What the task asks =
Each line below must be transcribed exactly, and no picture may appear in the transcription.

Data =
*** Block opens ***

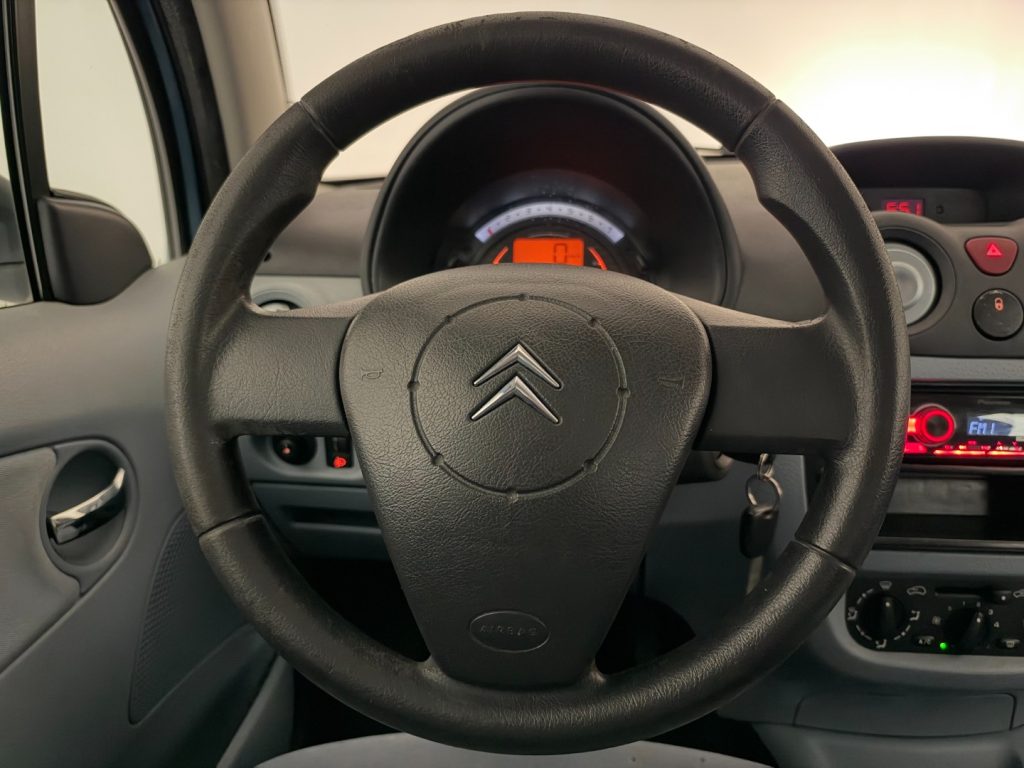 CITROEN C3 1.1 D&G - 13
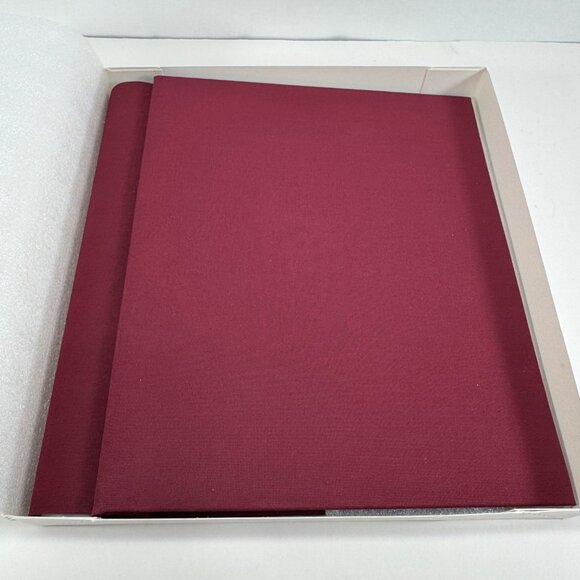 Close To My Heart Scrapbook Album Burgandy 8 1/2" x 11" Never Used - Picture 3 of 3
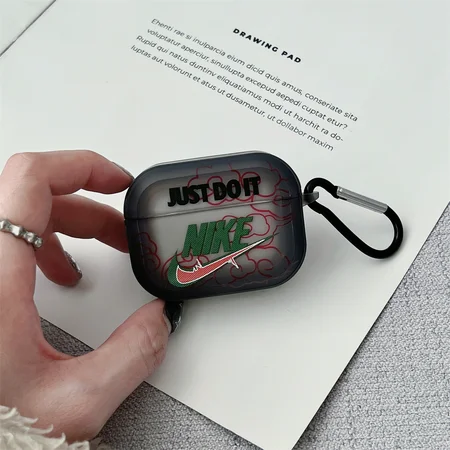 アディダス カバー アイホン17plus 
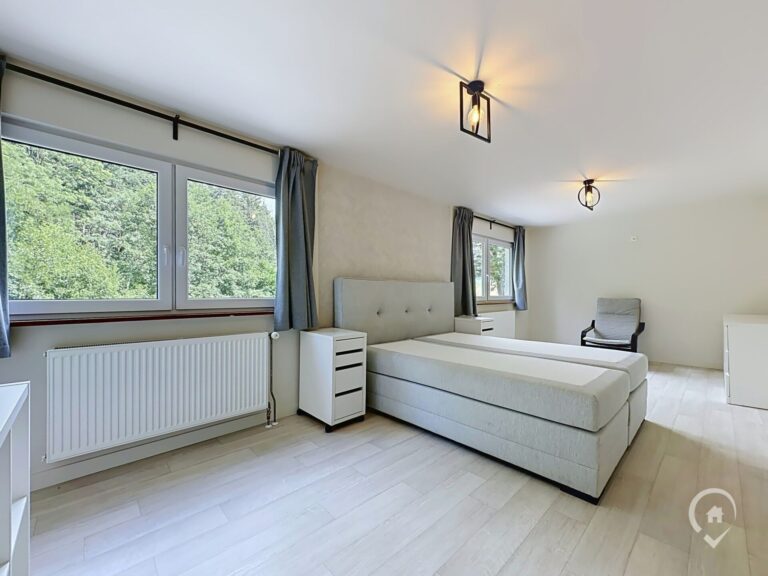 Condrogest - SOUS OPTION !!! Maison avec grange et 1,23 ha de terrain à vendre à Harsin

*** Block closes ***

Output for this task =
 CITROEN C3 1.1 D&G - 13
 Close To My Heart Scrapbook Album Burgandy 8 1/2" x 11" Never Used - Picture 3 of 3
 アディダス カバー アイホン17plus 
 Condrogest - SOUS OPTION !!! Maison avec grange et 1,23 ha de terrain à vendre à Harsin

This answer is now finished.